*** Records shown ***
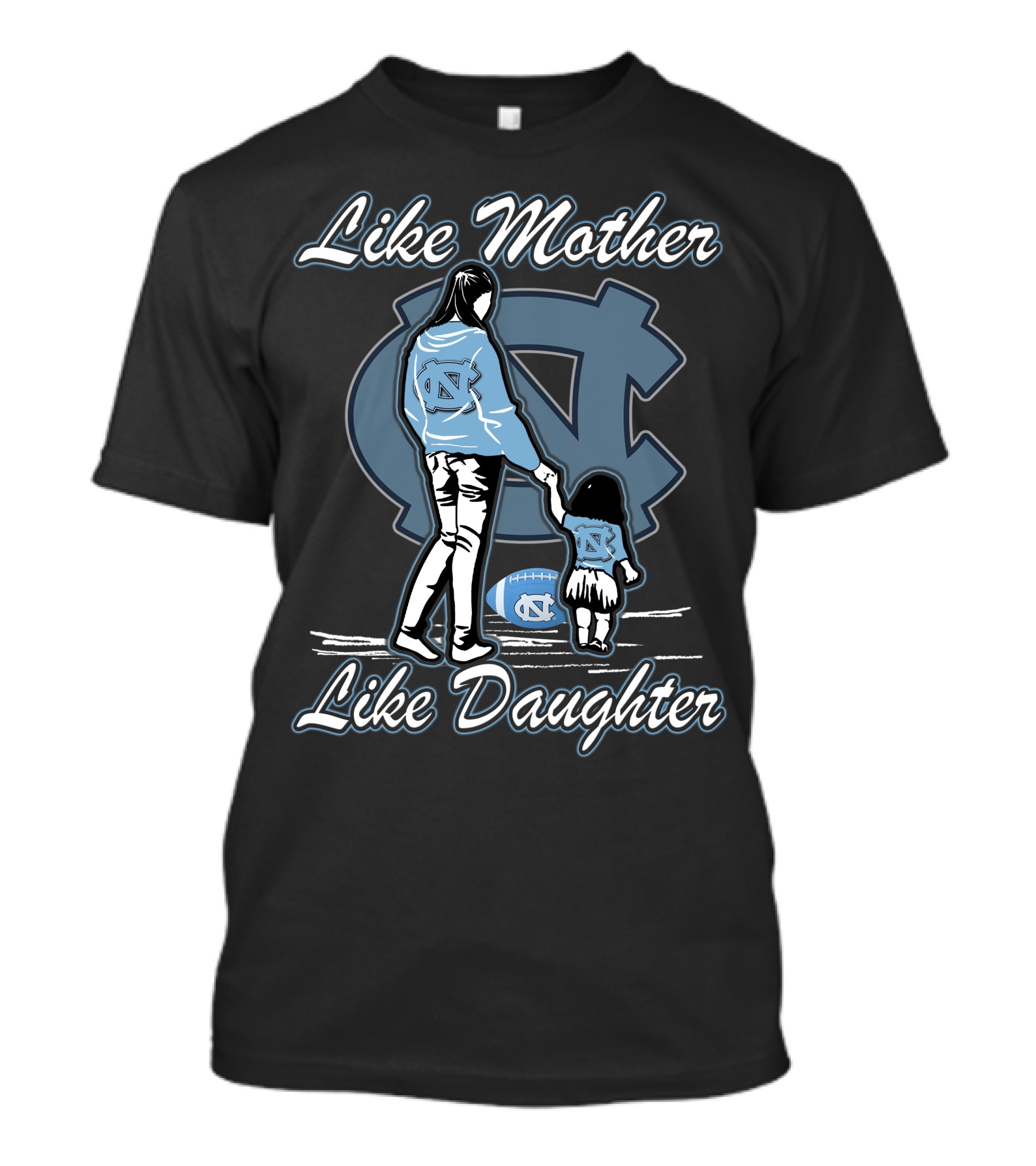 Like Mother Like Daughter North Carolina Tar Heels T-Shirt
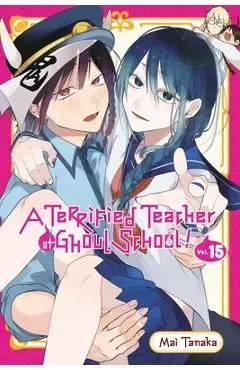 A Terrified Teacher at Ghoul School!, Vol. 15 - Mai Tanaka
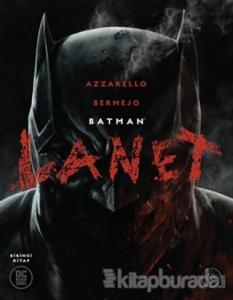 Batman: Lanet (Birinci Kitap)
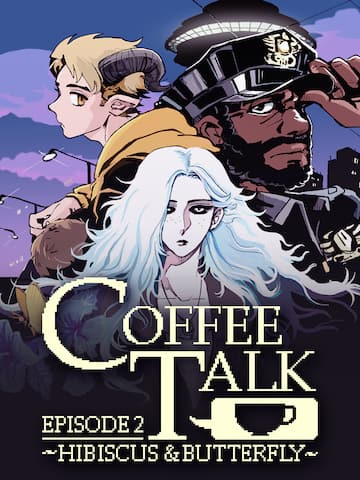 Coffee Talk Episode 2 - Hibiscus and Butterfly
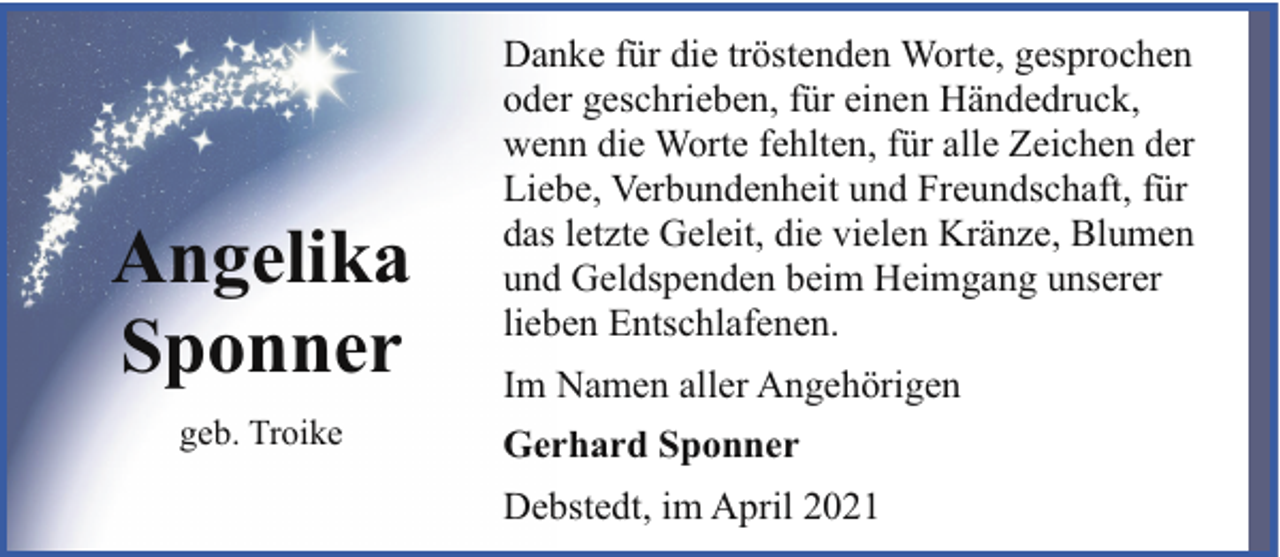 <p>Angelika<br />Sponner<br />geb. Troike</p><p>Danke für die tröstenden Worte, gesprochen<br />oder geschrieben, für einen Händedruck,<br />wenn die Worte fehlten, für alle Zeichen der<br />Liebe, Verbundenheit und Freundschaft, für<br />das letzte Geleit, die vielen Kränze, Blumen<br />und Geldspenden beim Heimgang unserer<br />lieben Entschlafenen.<br />Im Namen aller Angehörigen<br />Gerhard Sponner<br />Debstedt, im April 2021</p>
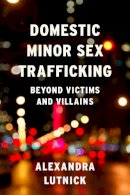 Alexandra Lutnick - Domestic Minor Sex Trafficking: Beyond Victims and Villains - 9780231169202 - V9780231169202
*** End of Records shown ***
**Problem to work on**
Each line from the one containing "<p>Angelika<br />Sponner<br />geb." through the last line of the entries above is to be extracted exactly. Pictures are not part of the copy.

**Output of the task**
 <p>Angelika<br />Sponner<br />geb. Troike</p><p>Danke für die tröstenden Worte, gesprochen<br />oder geschrieben, für einen Händedruck,<br />wenn die Worte fehlten, für alle Zeichen der<br />Liebe, Verbundenheit und Freundschaft, für<br />das letzte Geleit, die vielen Kränze, Blumen<br />und Geldspenden beim Heimgang unserer<br />lieben Entschlafenen.<br />Im Namen aller Angehörigen<br />Gerhard Sponner<br />Debstedt, im April 2021</p>
 Alexandra Lutnick - Domestic Minor Sex Trafficking: Beyond Victims and Villains - 9780231169202 - V9780231169202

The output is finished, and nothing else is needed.